:: Exercise goal ::
Reproduce the listing in full, pictures excluded.

:: Input data ::
****************************************
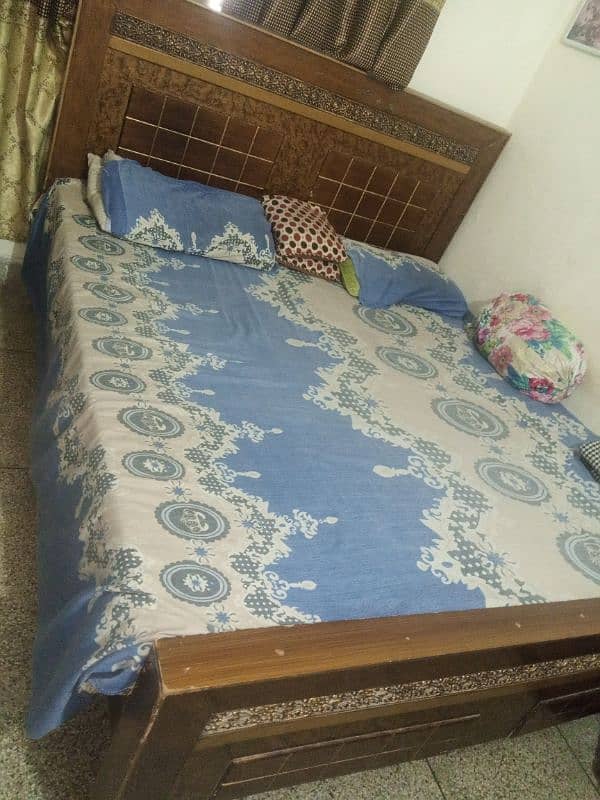 bed metress and side table 3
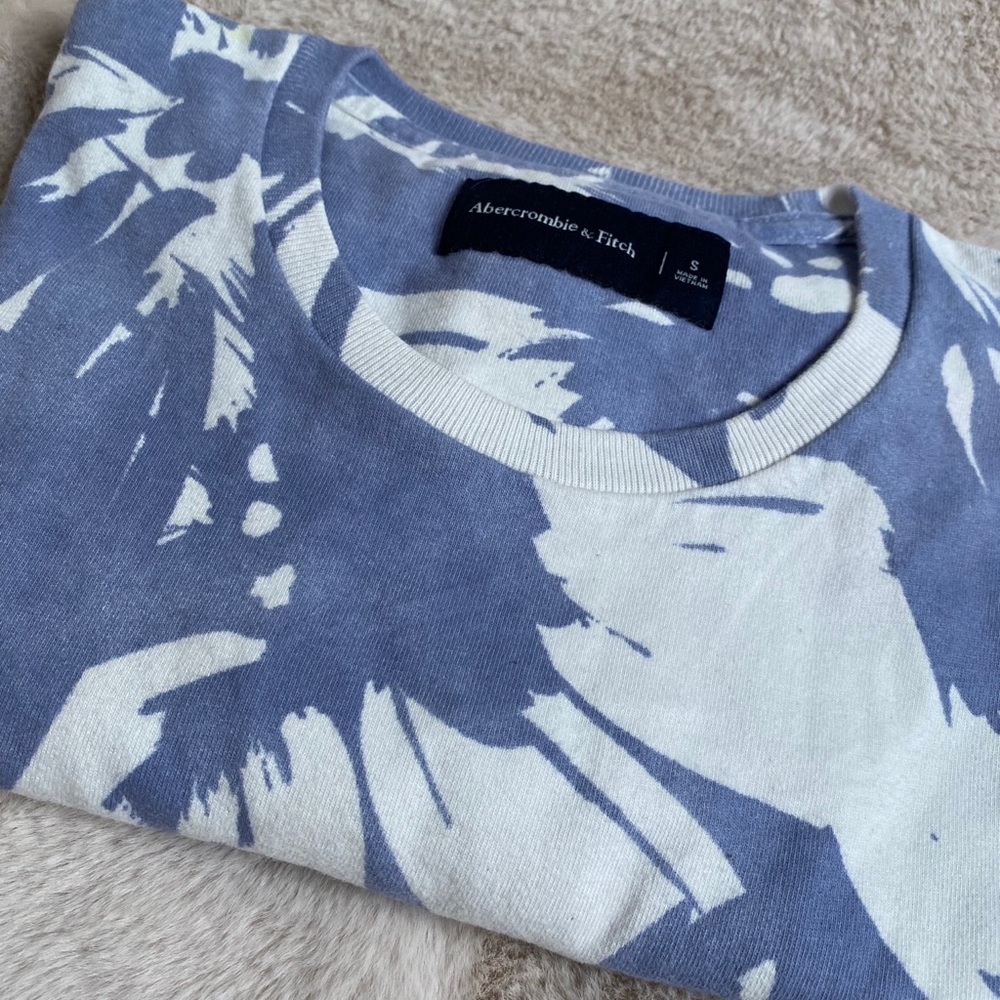 Abercrombie & Fitch cuffed short sleeve tee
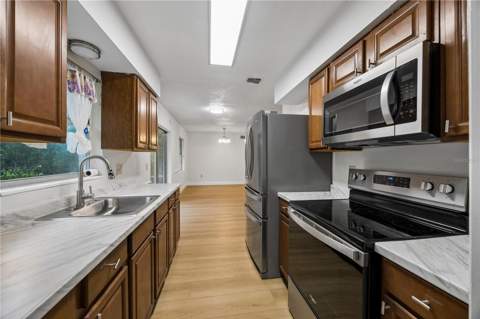 3688 Rundo Drive, Orlando FL - photo 10 of 17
****************************************
:: Result for this exercise ::
 bed metress and side table 3
 Abercrombie & Fitch cuffed short sleeve tee
 3688 Rundo Drive, Orlando FL - photo 10 of 17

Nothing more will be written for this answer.